UK premier to resign after Brexit vote
Cameron announces resignation by October following defeat in Brexit referendum
U.K. Prime Minister David Cameron is to resign within four months after losing the referendum on his country’s European Union membership.
Cameron said the U.K. needed “strong leadership” to conduct exit negotiations with the European Union and that he would leave office by the time of his party’s conference in October.
“I fought this campaign in the only way I know how, which is to say directly and passionately what I think and feel – head, heart and soul,” he said in a statement delivered on Friday morning outside 10 Downing Street, with his wife Samantha standing by his side.

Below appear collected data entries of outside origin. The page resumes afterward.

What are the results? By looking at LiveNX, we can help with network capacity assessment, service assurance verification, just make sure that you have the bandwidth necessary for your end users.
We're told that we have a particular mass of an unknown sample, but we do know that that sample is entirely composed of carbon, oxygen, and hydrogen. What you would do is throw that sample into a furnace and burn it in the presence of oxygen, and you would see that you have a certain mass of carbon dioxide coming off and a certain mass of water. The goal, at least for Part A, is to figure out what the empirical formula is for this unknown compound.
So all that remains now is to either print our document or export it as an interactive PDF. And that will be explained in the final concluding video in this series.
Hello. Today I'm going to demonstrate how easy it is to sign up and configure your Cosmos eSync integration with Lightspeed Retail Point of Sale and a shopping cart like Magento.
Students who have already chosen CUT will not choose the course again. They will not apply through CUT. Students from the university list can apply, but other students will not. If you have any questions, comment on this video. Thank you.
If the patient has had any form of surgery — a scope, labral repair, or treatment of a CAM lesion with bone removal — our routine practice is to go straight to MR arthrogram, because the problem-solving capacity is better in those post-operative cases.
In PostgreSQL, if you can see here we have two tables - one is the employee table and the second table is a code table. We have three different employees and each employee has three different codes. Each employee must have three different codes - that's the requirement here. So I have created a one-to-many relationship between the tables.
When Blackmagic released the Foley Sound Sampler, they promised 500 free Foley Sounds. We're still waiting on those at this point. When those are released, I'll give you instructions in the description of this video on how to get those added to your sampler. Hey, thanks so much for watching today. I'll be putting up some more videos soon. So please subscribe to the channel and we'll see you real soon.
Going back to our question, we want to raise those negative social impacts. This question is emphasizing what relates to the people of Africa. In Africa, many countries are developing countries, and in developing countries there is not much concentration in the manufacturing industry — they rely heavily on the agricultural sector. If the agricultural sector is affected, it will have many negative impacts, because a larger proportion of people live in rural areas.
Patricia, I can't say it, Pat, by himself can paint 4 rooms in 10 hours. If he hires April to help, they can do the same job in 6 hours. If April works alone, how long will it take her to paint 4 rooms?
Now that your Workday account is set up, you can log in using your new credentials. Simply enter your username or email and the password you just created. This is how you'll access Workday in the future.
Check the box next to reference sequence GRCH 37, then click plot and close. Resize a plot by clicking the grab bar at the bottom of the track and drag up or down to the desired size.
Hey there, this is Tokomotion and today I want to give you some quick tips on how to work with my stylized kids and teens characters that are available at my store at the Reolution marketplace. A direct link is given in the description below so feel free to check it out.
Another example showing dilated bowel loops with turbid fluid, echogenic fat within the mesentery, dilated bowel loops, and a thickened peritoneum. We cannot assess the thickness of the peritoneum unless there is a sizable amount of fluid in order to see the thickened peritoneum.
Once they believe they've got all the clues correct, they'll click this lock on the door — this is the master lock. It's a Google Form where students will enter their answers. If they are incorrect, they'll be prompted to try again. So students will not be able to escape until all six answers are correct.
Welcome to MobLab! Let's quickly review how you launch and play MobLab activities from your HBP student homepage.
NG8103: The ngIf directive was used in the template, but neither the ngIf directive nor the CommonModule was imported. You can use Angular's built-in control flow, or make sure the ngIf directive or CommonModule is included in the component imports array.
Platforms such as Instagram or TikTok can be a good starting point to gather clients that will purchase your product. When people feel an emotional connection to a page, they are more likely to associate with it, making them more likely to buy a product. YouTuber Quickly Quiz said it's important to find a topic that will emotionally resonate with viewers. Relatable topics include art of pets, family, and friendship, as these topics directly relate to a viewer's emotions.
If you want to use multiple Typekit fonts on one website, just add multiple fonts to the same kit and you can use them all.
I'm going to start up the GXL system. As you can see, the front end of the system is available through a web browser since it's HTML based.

“I held nothing back, I was absolutely clear about my belief that Britain is stronger, safer and better off inside the European Union and I made clear the referendum was about this and this alone – not the future of any single politician, including myself.
“But the British people have made a very clear decision to take a different path and as such I think the country requires fresh leadership to take it in this direction.”
Cameron said he would continue in office until his Conservative Party elected a successor to whom he would leave the decision to trigger Article 50 of the Lisbon Treaty – the mechanism for leaving the EU.
Speaking at a news conference later on Friday morning, former London mayor and Brexit campaigner Boris Johnson supported Cameron’s choice to delay an Article 50 decision.
"Today, I think all of us politicians should thank the British people because in a way they have been doing our job for us,” he said.
“They hire us to deal with the hard questions and this year we gave them one of the biggest and toughest questions of all.”
He continued: “We cannot turn our backs on Europe. We are part of Europe. Our children and grandchildren will continue to have a wonderful future as Europeans travelling to the continent, understanding the languages and cultures that make up of common European civilization.
“But there is simply no need in the 21st century to be part of a federal system of government based in Brussels that is imitated nowhere else on earth. It was a noble idea for its time but it is no longer right for this country.”
Immediately after Cameron announced his resignation Johnson was installed by bookmakers Ladbrokes as favorite to succeed him.
Almost 52 percent of voters rejected their country's 43-year membership of the European Union in Thursday's referendum.